42. XTC - Black Sea (1980)

Put mildly, I'm nuts about XTC, and from my experiences of people's musical preferences in the wide, offline world, the amount of people who haven't even heard of them is frankly appalling. Picking a favourite is a pretty mad task, but based on the amount of listens I've given it, this is probably my pick of the litter. It's jam-packed with typically tight and efficient band performances, meaningful lyrics and some of the best melodies I've ever heard committed to record (just try listening to Generals and Majors and not finding yourself whistling it for hours afterwards). This album is among the most consistently brilliant in XTC's back catalogue - it's just crammed full of end-to-end terrific pop-rock/post-punk.
The best bits: Living Through Another Cuba, Rocket From a Bottle, Burning With Optimism's Flames

41. The Saints - Eternally Yours (1978)

After kicking open the doors to the punk-rock scene with their debut (the superb (I'm) Stranded), the Saints steered further clear of the scene they'd kicked off themselves (with the help of Radio Birdman) in Australia with their second effort. This kind of move involved Bailey, Kuepper and company throwing horn sections, tempo-changes and r'n'b into proceedings, and putting them through the punk-rock mangle. What results is an album which serves as a middle-ground between their pop-smart 80s years and the ferocity of their debut, and basically an album which doesn't sound a whole lot like what their contemporaries in the scene were recording at the time. To me, it's the Saints (not the phony, post-Kuepper Saints) at their peak, incorporating a real variety of moods and textures to a great effect.
The best bits: Know Your Product, A Minor Aversion, This Perfect Day

40. The Damned - Machine Gun Etiquette (1979)

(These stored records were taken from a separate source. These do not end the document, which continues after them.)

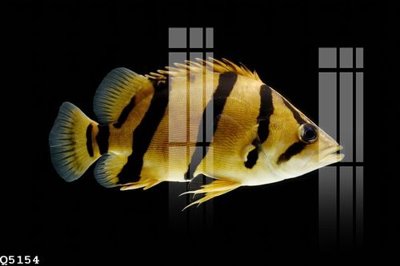 File in trần File gốc in tranh tổng hợp Q5154 (file gốc) hoa văn 3D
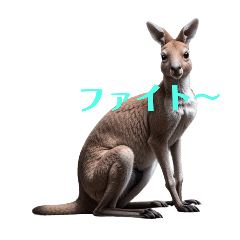 kangaroo.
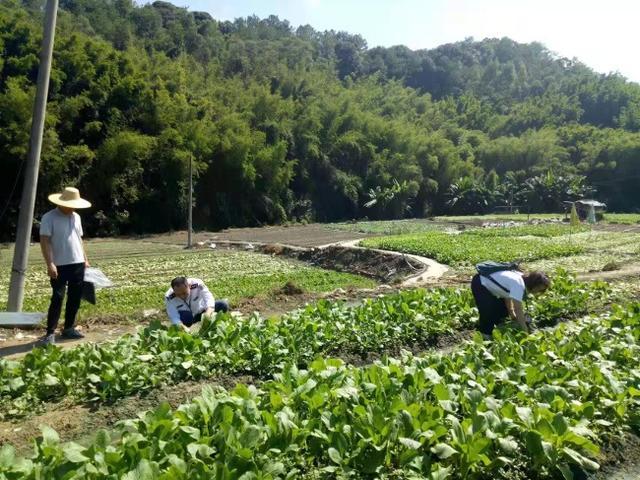 为做好种植业农产品质量安全监督抽查工作,今年梧州市农业综合行政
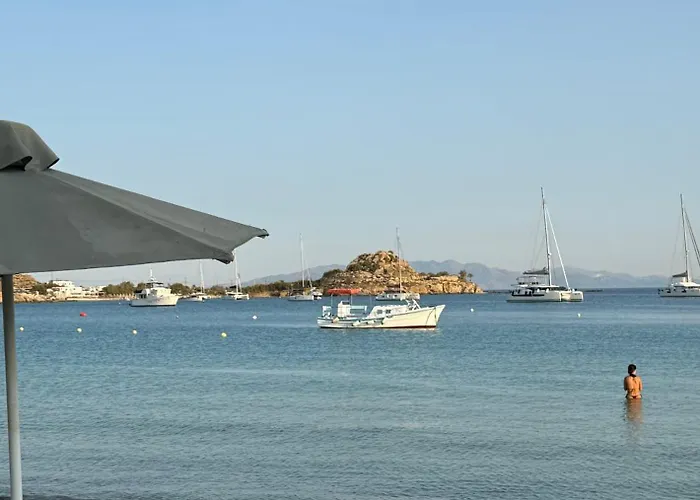 Acrogiali Beachfront Mykonos 酒店 普拉迪斯亚罗斯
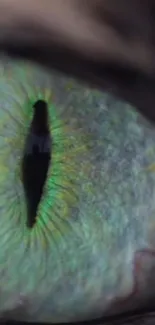 Close-up of a vibrant, mystical reptilian eye with green hues.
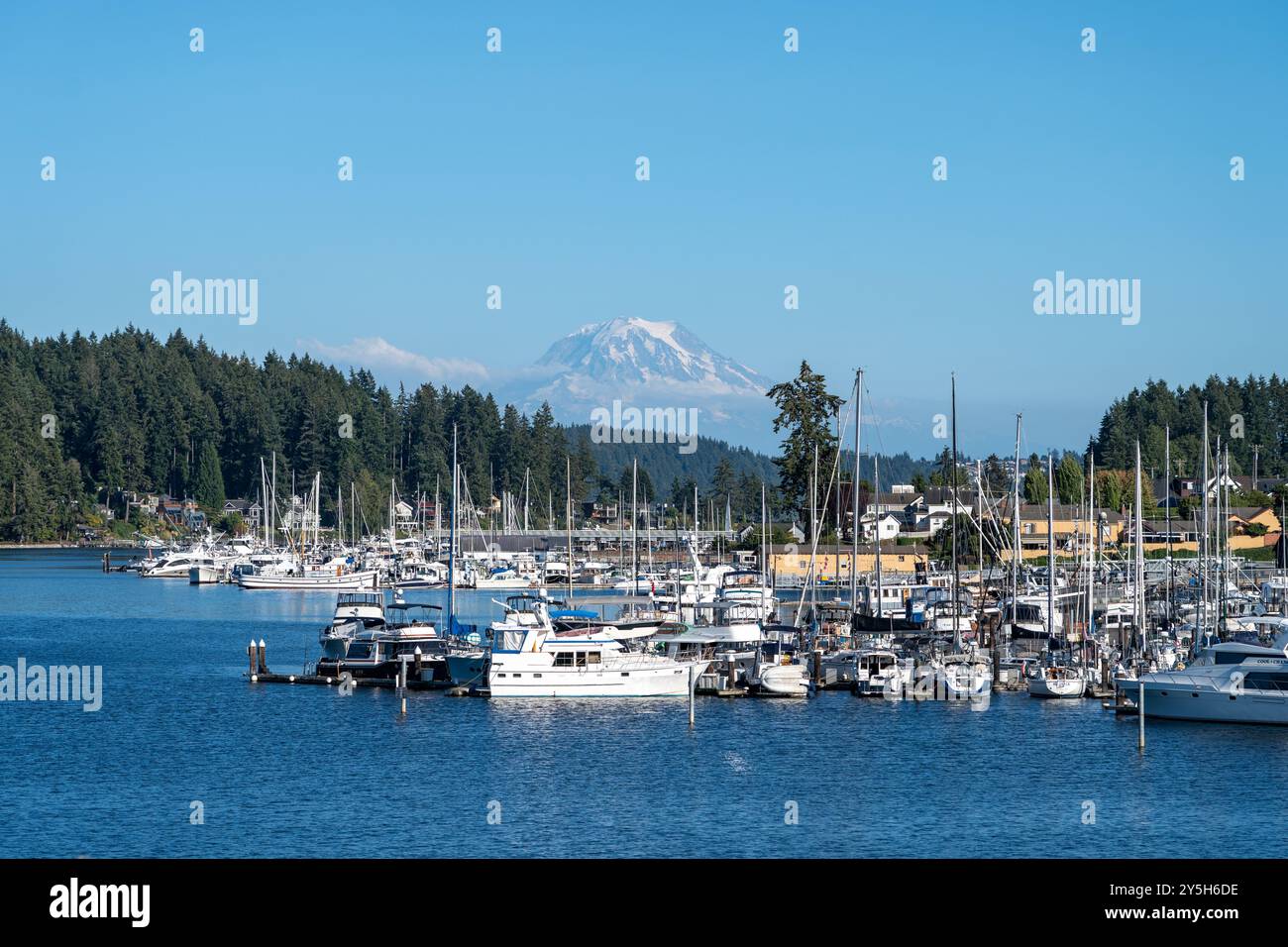 Boote im Gig Hafen Yachthafen mit Mount rainier und blauem Himmel in der Ferne Stockfoto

And speaking of the Saints, the Damned brought on their then-bassist Alastair Ward to help them record this, their masterpiece. While perhaps not quite as important as their debut, Damned Damned Damned, their third effort finds them rallying glam and new wave under the punk rock banner, resulting in the kind of album which stands head and shoulders above those of most of their contemporaries. It's a strutting, rowdy effort, full of classic anthems, and another one of the very best of British punk.
The best bits: Love Song, Noise Noise Noise, Smash It Up Pts 1&2

39. Thievery Corporation - The Mirror Conspiracy (2000)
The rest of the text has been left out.